This post documents the complete prediction system behind onthepitch's 2026 World Cup forecasts. It's intended as a permanent reference — one page with every model component, every parameter value, and every backtest metric.
Architecture overview
The system has three layers:
- Component models: three independent models that each produce a home/draw/away probability for any international fixture.
- Ensemble: combines the three components into a single probability, applies extremization and calibration.

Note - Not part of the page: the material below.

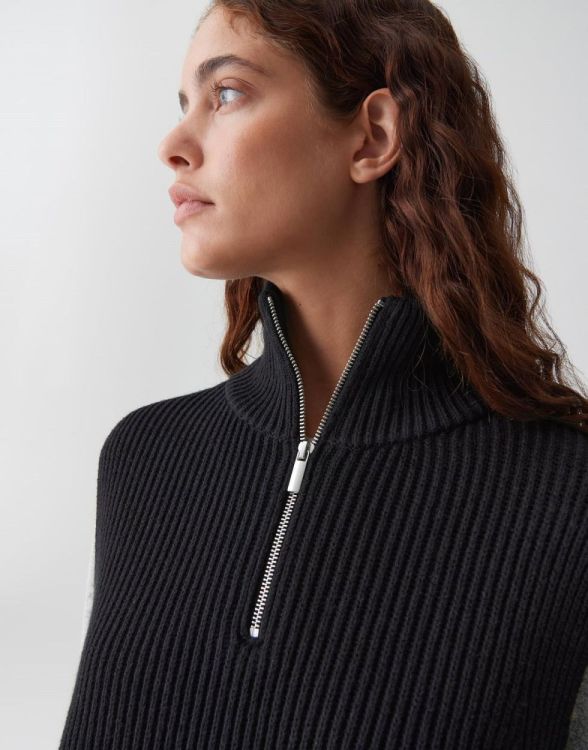 Opus Abibo cape (10096910766378/900) - WeekendMode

- Bracket simulator: feeds the ensemble probabilities into a 50,000-iteration Monte Carlo simulation of the full 48-team tournament structure.
Component model 1 — Elo
The simplest model. Each team carries an Elo rating from eloratings.net, updated after every international match.
Match prediction formula:
- Rating gap:
d = elo_home − elo_away + home_advantage - Expected score:
E_home = 1 / (1 + 10^(−d/400)) - Draw probability: fixed at 22% (international football empirical baseline)

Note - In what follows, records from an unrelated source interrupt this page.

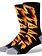 Stance STANCE | LIFE ELECTRIFIED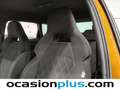 Skoda Karoq 2.0TDI AdBlue Sportline 110kW Naranja - thumbnail 8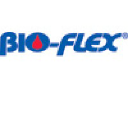 bio-flex.com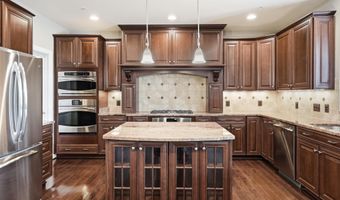 25577 ROYAL HUNTER Dr, Aldie, VA 20105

- Home/away probabilities:
E_homeand1 − E_homescaled to fill the remaining 78%
Key parameters:
| Parameter | Value | Source |
|---|---|---|
| Draw probability | 0.22 | International football base rate |
| Home advantage bonus | 100 Elo points | eloratings.net standard |
| Fallback Elo | 1500 | Teams missing from the CSV |
The Elo model is deliberately simple. It has no team-specific attack/defence split, no time decay beyond what eloratings.net applies internally, and no match-importance weighting. It serves as the ensemble's anchor — the component least likely to overfit.
Component model 2 — Dixon-Coles with time decay
A bivariate Poisson model following Dixon & Coles (1997), extended with exponential time decay.

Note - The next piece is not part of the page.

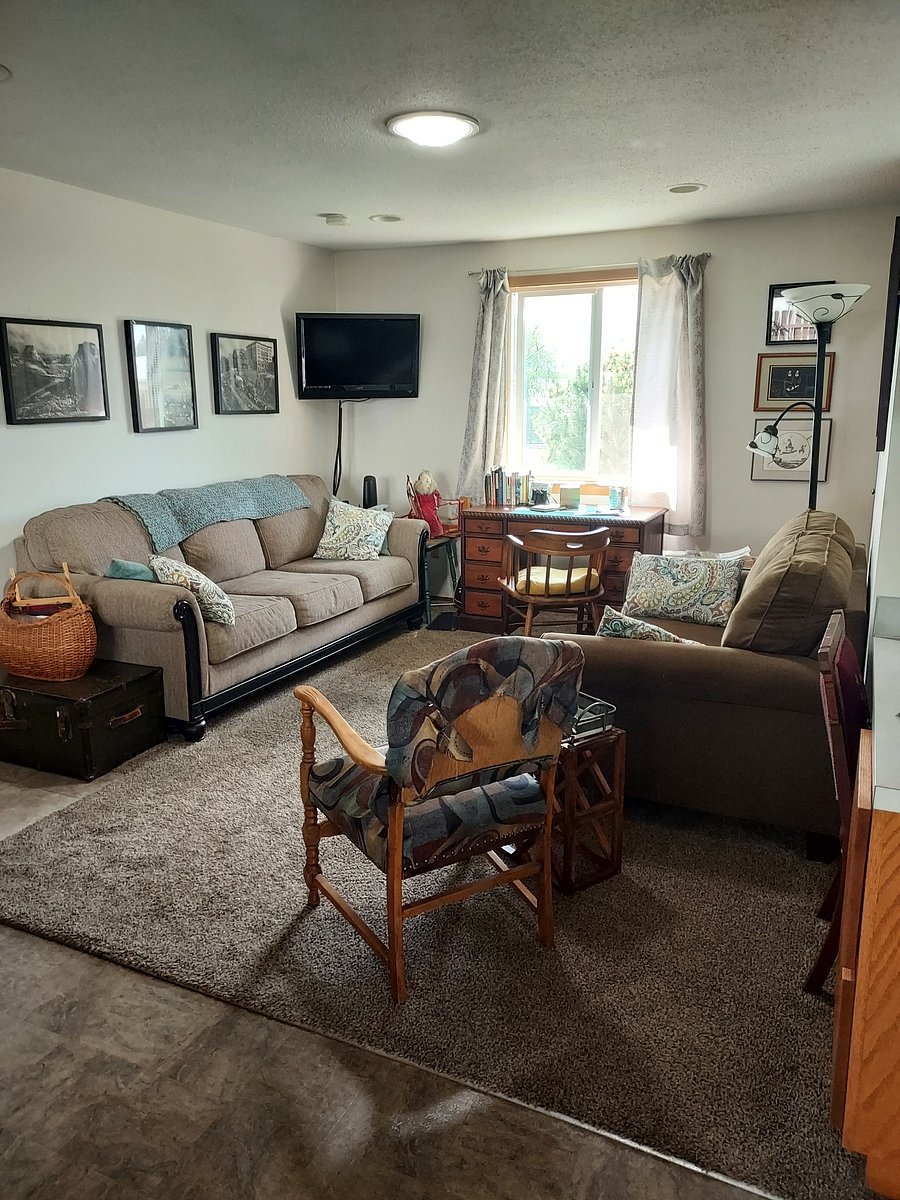 Furnished Finder property 1049193_1 photo 2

Each team has an attack strength (α) and a defence strength (β). The expected goals for a fixture are:
λ_home = exp(home_advantage + α_home − β_away)λ_away = exp(α_away − β_home)
Goals are Poisson-distributed. The Dixon-Coles correction (ρ) adjusts the joint probability of low-scoring outcomes (0–0, 0–1, 1–0, 1–1) to account for the empirical dependence between home and away goals.
Key parameters:
| Parameter | Value | Notes |
|---|---|---|
| Half-life | 1,825 days (5 years) | Longer than club football (~18 months) because international matches are ~5× sparser per team |
| Training window | 10 years | Matches older than this are excluded |
| Min matches per team | 20 | Teams with fewer matches are dropped from the fit |
| Max goals cap | 10 | Poisson PMF truncated here |
| K-factor weighting | Yes | Tournament and qualifier matches weighted higher than friendlies |
Fit procedure: Maximum likelihood estimation via L-BFGS-B with a sum-to-zero identifiability constraint on attack parameters. Training corpus: ~9,200 international results (within the 10-year window). The fit runs on data strictly before the prediction date — no look-ahead.
Component model 3 — Hierarchical Poisson (MAP)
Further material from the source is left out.